Por un lado, es uno de los mejores artículos que he podido
leer desde que me interesa conocer el problema del terrorismo en Irlanda, como
consecuencia de haber sufrido el atentado en Hipercor el 1987 y descubrir que
había muchos analistas, especialistas y más palabras acabadas en “istas” que
decían que el problema del terrorismo de ETA y del IRA tenían connotaciones y
orígenes muy comunes. Es evidente (al menos a mí me confirma en mi criterio)
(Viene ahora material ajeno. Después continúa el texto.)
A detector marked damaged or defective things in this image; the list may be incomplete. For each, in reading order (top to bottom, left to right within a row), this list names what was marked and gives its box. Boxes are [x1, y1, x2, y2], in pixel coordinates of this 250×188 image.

que el terrorismo en Irlanda tiene unos orígenes RELIGIOSOS innegables mientras
que el terrorismo de ETA en España tiene un origen más bien territorial y de
imposición de una ideología política, sin que la religión sea una de las principales
cuestiones a discutir o imponer.
Además, Lluís Uría proporciona una serie de datos que
muestran la enorme diferencia entre un terrorismo y el otro. Mientras que tras
la declaración de “paz” en Irlanda han continuado ocurriendo atentados y dos
muertes, en el caso del terrorismo etarra no hemos tenido que lamentar ninguna
víctima desde octubre de 2011… y aunque es cierto que todavía quedan muchas
consecuencias por solucionar, no es menos cierto que si en ese octubre de 2011
nos hubieran dicho que a finales de 2019 no habría habido ningún atentado
etarra, seguramente “casi” nadie nos lo hubiéramos creído.
Por otro lado, le agradezco a Lluis Uría el agradecimiento
que envía a “LAS” víctimas aunque está equivocado. Desgraciadamente no somos “LAS”
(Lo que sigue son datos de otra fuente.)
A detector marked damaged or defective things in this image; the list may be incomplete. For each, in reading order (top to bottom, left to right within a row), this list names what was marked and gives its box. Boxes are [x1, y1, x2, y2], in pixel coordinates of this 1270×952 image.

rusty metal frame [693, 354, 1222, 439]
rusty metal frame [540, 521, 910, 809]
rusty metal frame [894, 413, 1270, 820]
víctimas las que hemos sido generosas sino un enorme grupo de víctimas
comparativamente hablando en relación con aquellas que o bien han mostrado
enormes momentos de rencor, venganza y desprecio o bien se han aprovechado para
obtener enormes beneficios personales, económicos, jurídicos y hasta políticos del
dolor que SI hemos sufrido otras víctimas reales. En el trabajo de Jon Sistiaga
hay algún que otro ejemplo.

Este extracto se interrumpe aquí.